Kaine went on to be elected mayor of Richmond, lieutenant governor of Virginia, and the 70th governor of Virginia.
Now in the U.S. Senate, Kaine serves on the Armed Services, Foreign Relations and Aging committees, as well as on the Budget Committee with former presidential candidate Bernie Sanders – whom Kaine called "a great leader."
"We all should 'feel the Bern,' and we all should not want to get burned by the other guy," Kaine said as some of the delegates chanted "Bernie! Bernie!" and Sanders himself applauded quietly.
"My journey has convinced me that God has created a rich tapestry in this country – an incredible cultural diversity that succeeds when we embrace everyone in love and battle back against the dark forces of division. We're all neighbors and we must love our neighbors as ourselves," he said.
Kaine, who speaks fluent Spanish, said he and Clinton were "compañeros del alma," or soul mates, in terms of their values.
"We share this belief: Do all the good you can. Serve one another. That's what I'm about. That's what you're about. That's what Bernie Sanders is about. That's what Joe Biden is about. That's what Barack and Michelle Obama are about. And that's what Hillary Clinton is about," she said.
He credited Clinton with consistent efforts to put kids and families first since her teenage times and fight for the underprivileged. He also noted that as a U.S. senator, Clinton battled congressional Republicans to care for first responders after the attacks of Sept. 11, 2001, and that as secretary of state, she implemented tough sanctions against Iran and stood up to "thugs and dictators."
But Kaine said rival Trump is motivated by his own ego, saying while Clinton's passion is "kids and families," Trump's is "himself."
"Trump is a guy who promises a lot. But you might have noticed, he's got a way of saying the same two words right after he makes his biggest, 'yugest' promises. 'Believe me! It's going to be great, believe me!'" Kaine said, doing an impression of Trump's voice as he read the quotes.
"Here's the thing. Most people, when they run for president, they don't just say 'believe me,'" Kaine said. "They respect you enough to tell you how they will get things done."

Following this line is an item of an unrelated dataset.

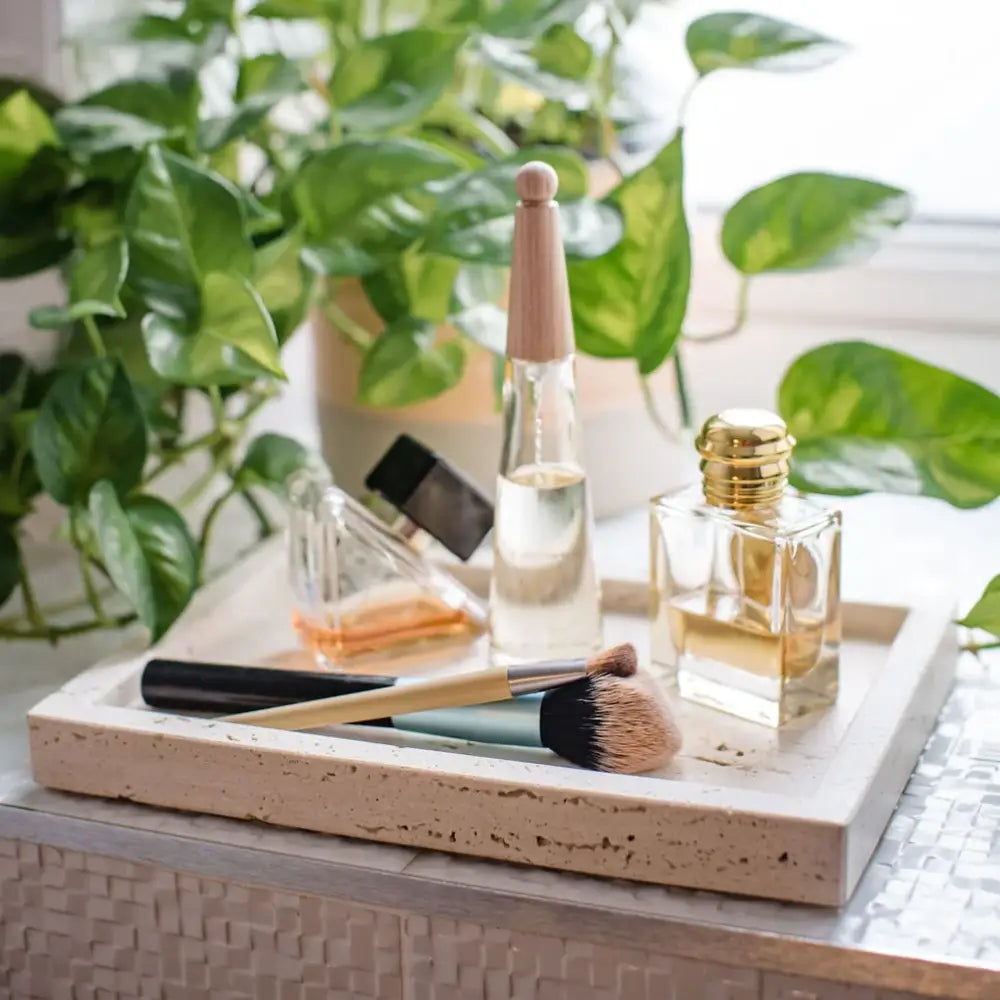 Whillan - Flat Rectangular Travertine Tray with Raised Lip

He said Clinton has actual plans to invest in new jobs, build on Wall Street reform, reform the immigration and create a path to citizenship, make it possible to graduate college debt free, and guarantee equal pay for women and paid family leave.
"Not Donald Trump," Kaine said. "He never tells you how he's going to do any of the things he says he's going to do. He just says, 'believe me.' So here's the question. Do you really believe him? Donald Trump's whole career says you better not."
Kaine said small contractors believed Trump when he said he would pay them to build a casino in Atlantic City, but said they got pennies on the dollar because Trump filed for bankruptcy.
"Folks, you cannot believe one word that comes out of Donald Trump's mouth. Not one word," Kaine said, briefly starting a chant of "not one word."
"Our nation is too great to put it in the hands of a slick-talking, empty-promising, self-promoting, one man wrecking crew," he continued.
Clinton, by contrast, is ready for the job, Kaine said. He said he had a specific reason for using the word "ready."
"When I lived in Honduras, I learned that the best compliment you could give someone was to say they were "listo" – ready. Not "inteligente" – smart. Not "amable" – friendly. Not "rico" – rich. But "listo." Because what "listo" means in Spanish is prepared, battle-tested, rock-solid, up for anything, never backing down. And Hillary Clinton is "lista."
"She's ready because of her faith. She's ready because of her heart. She's ready because of her experience. She's ready because she knows in America we are stronger together," he said.
Clinton offered Kaine the vice presidential spot on the Democratic ticket in a phone call this past Friday night. President Barack Obama advised Clinton's campaign during the selection process that Kaine would be a strong choice.